▶ **TASK INPUT**:
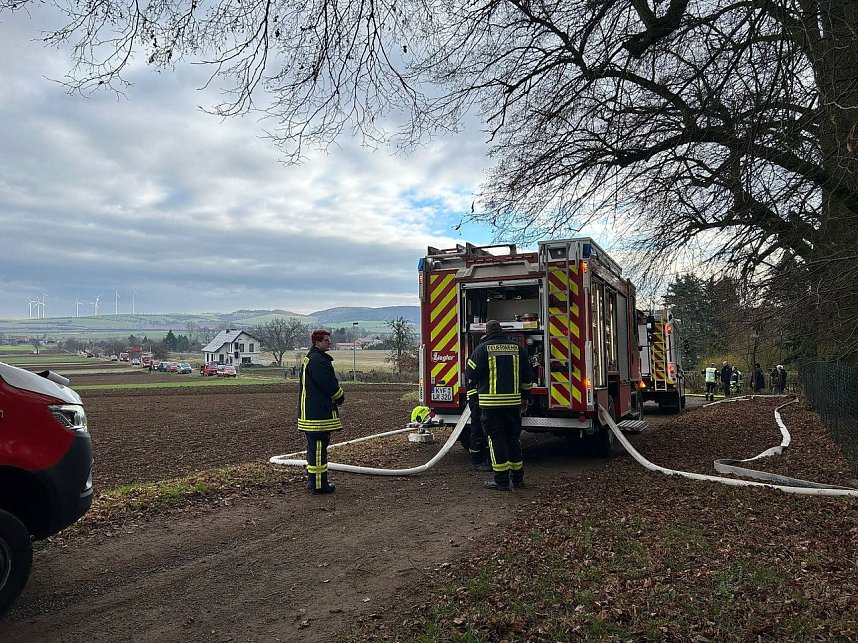 Brand und L&ouml;scharbeiten in Heldrungen
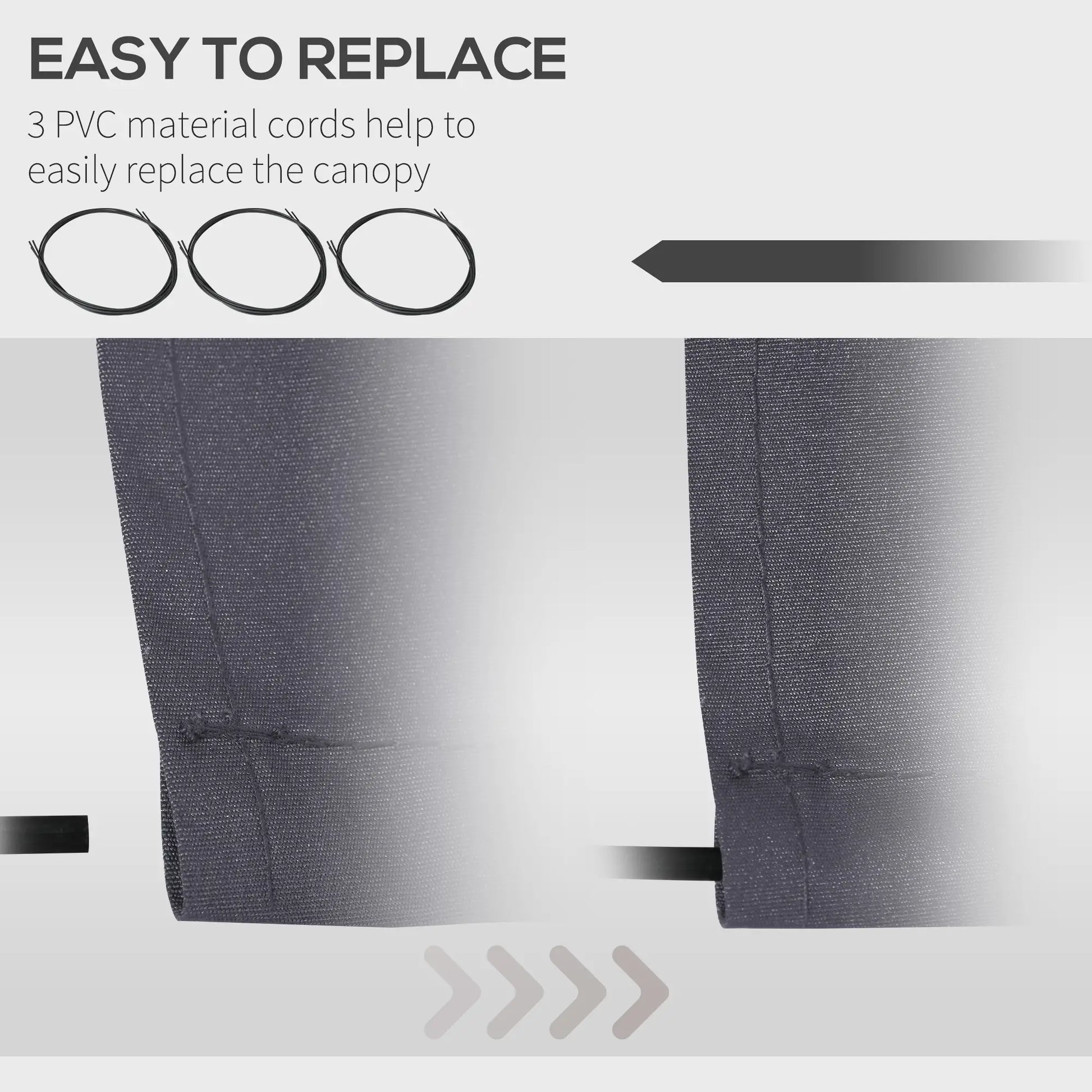 11' x 8' Outdoor Canopy, Retractable Awning, UV Protection, Grey Awning Fabric Replacement at Gallery Canada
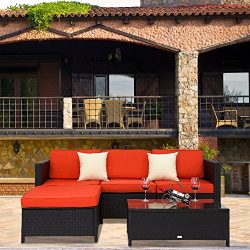 Peach Tree 5 PCs Outdoor Patio PE Rattan Wicker Sofa Sectional Furniture Set With 2 Pillows and  ...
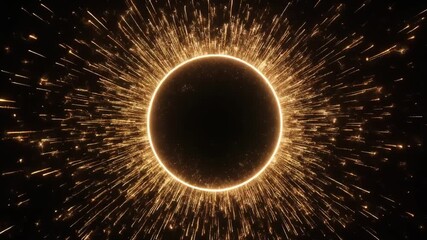 An abstract visualization of a powerful cosmic event, a dark celestial body with a glowing golden corona and an explosive burst of sparks - Powered by Adobe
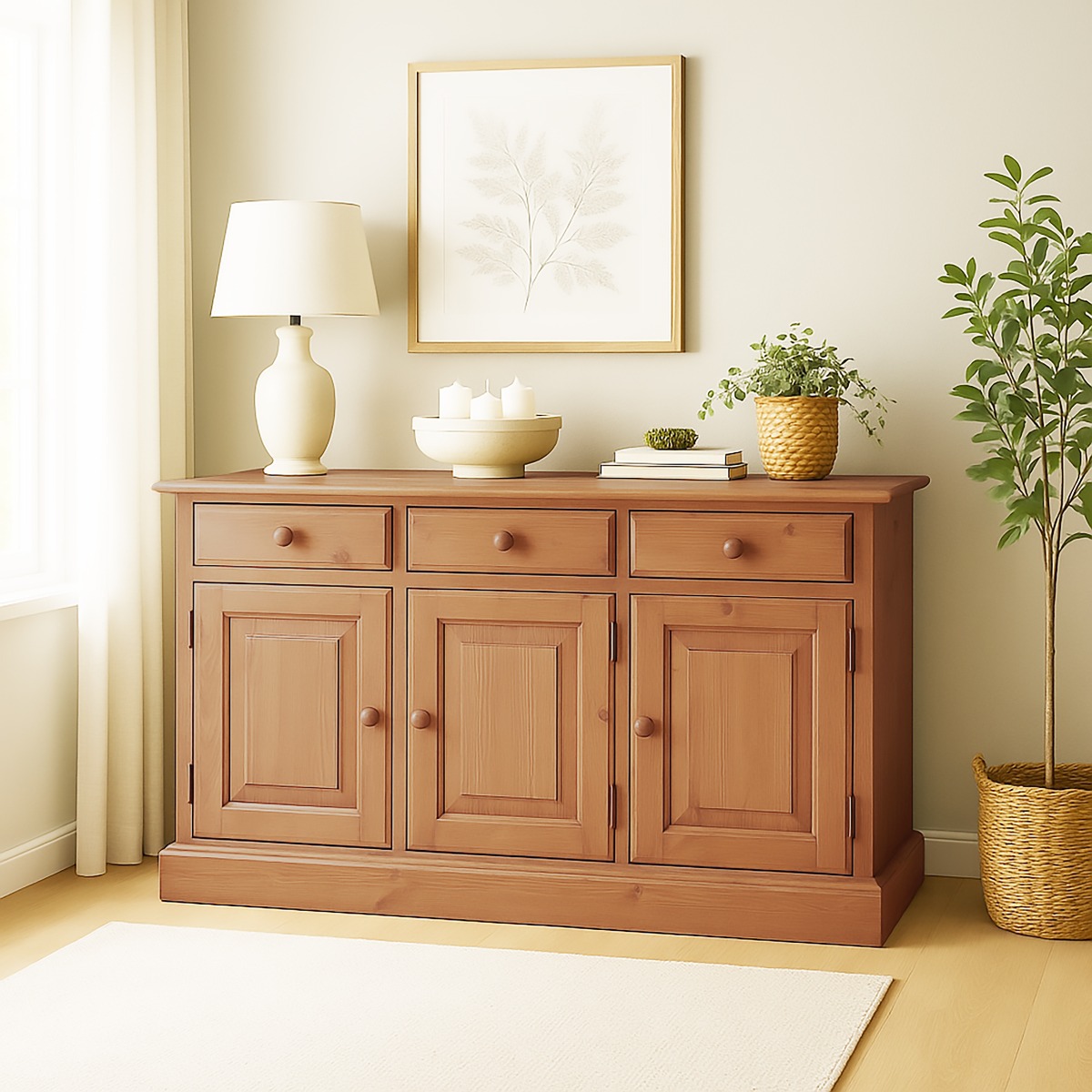 CREDENZA MOD. LOSANNA IN LEGNO DI PINO CM 147X43 H. 85 TINTA MIELE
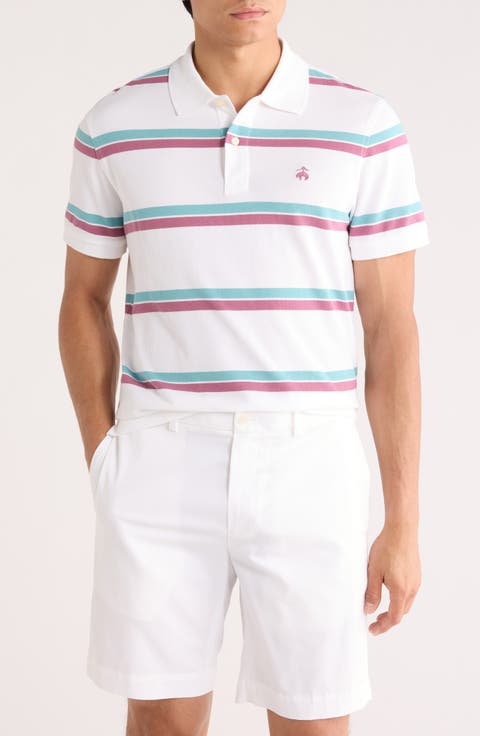 Stripe Slim Fit Piqué Polo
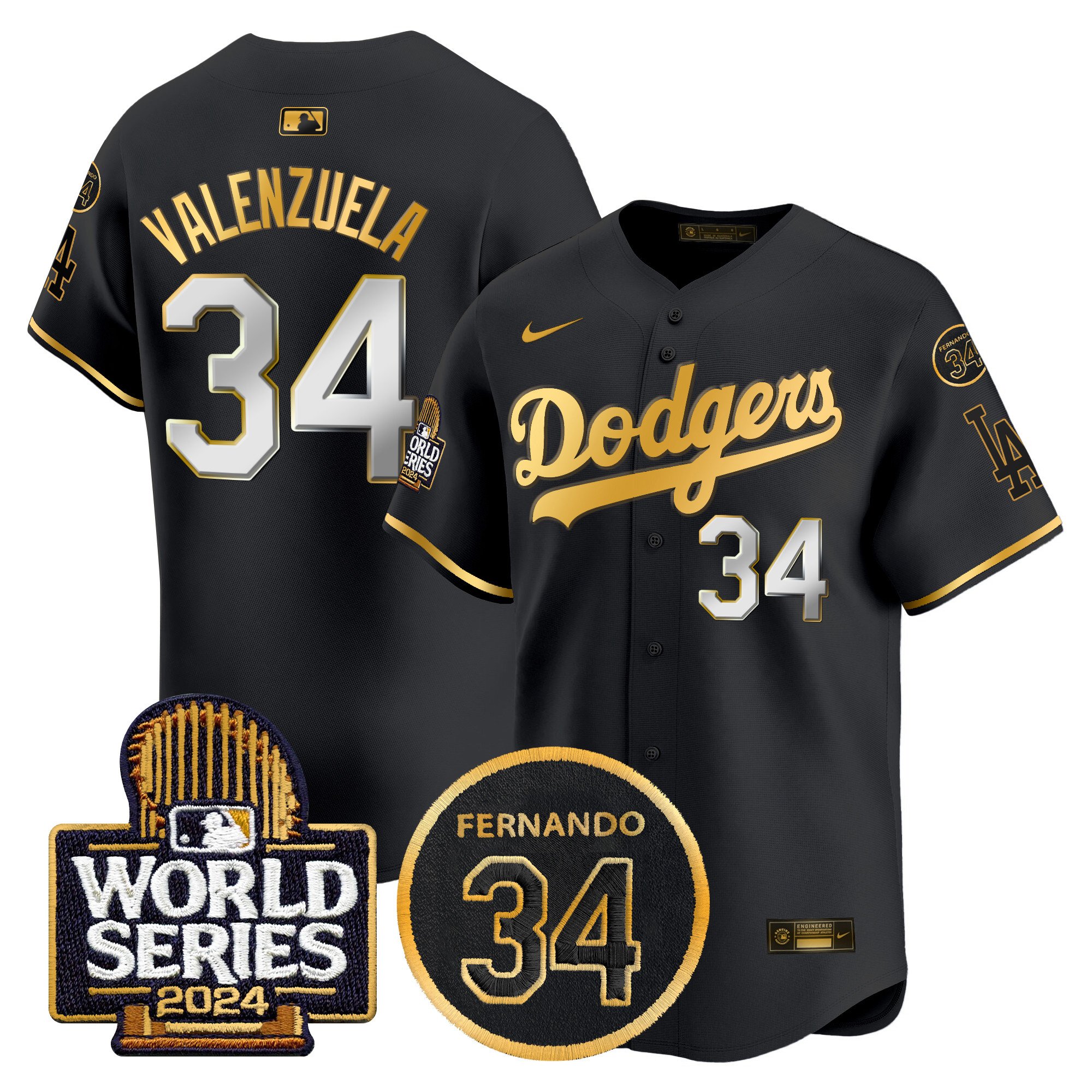 Men's Dodgers Fernando Memorial & 2024 World Series Patch Vapor Premier Limited Jersey - All Stitched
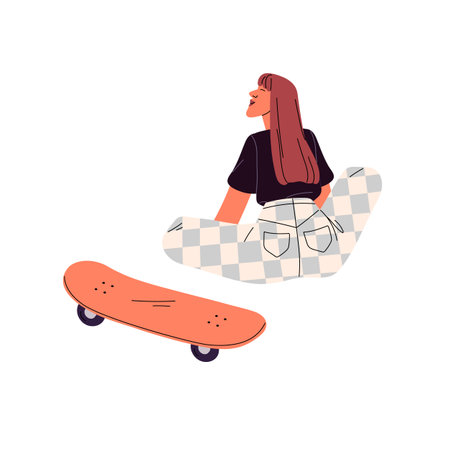 Girl sitting near skateboard, dreaming. Happy young woman skateboarder enjoying holiday, active hobby. Person skater relaxing with skate board. Flat vector illustration isolated on white backgroundのイラスト素材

▶ **WORK REQUEST**: Where the line containing "Stripe Slim Fit Piqué Polo" appears above, start there and set down each line exactly through the last line of the data; leave out every picture.

▶ **TASK RESPONSE**:
 Stripe Slim Fit Piqué Polo
 Men's Dodgers Fernando Memorial & 2024 World Series Patch Vapor Premier Limited Jersey - All Stitched
 Girl sitting near skateboard, dreaming. Happy young woman skateboarder enjoying holiday, active hobby. Person skater relaxing with skate board. Flat vector illustration isolated on white backgroundのイラスト素材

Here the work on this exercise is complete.